• WORK ORDER:
The data below should be printed in full, exactly, and without any of its images.

• INFORMATION SHOWN:
───

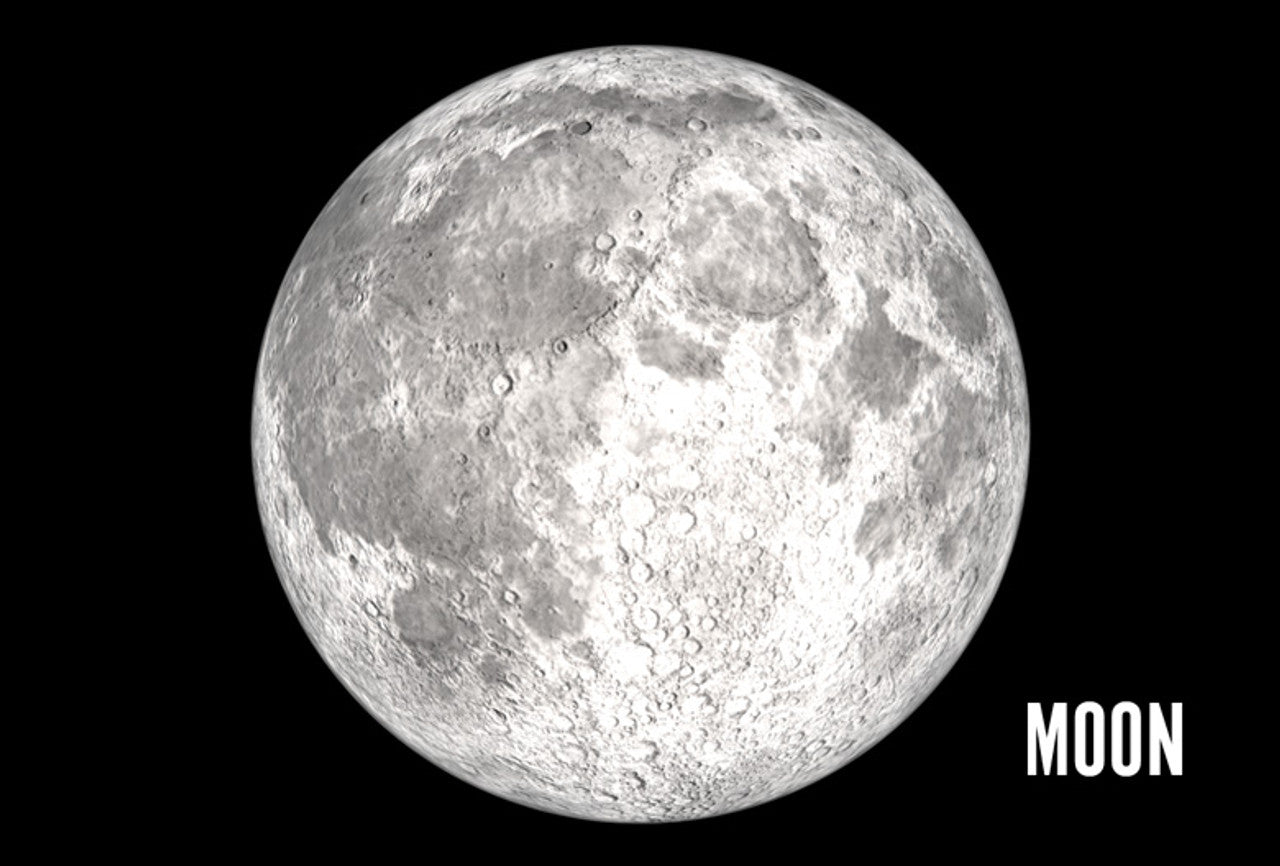 Authentic Cards Moon - Magnet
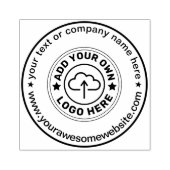 Je zakelijke Logo aangepaste tekst Rubberstempel (Afrduk)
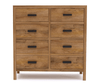 Orion Solid Wood 8 Drawer Chest
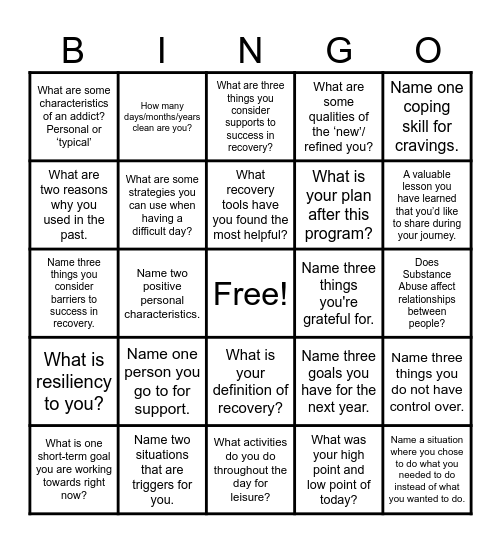 EECM Bingo Card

───

• FINISHED TASK:
 Authentic Cards Moon - Magnet
 Je zakelijke Logo aangepaste tekst Rubberstempel (Afrduk)
 Orion Solid Wood 8 Drawer Chest
 EECM Bingo Card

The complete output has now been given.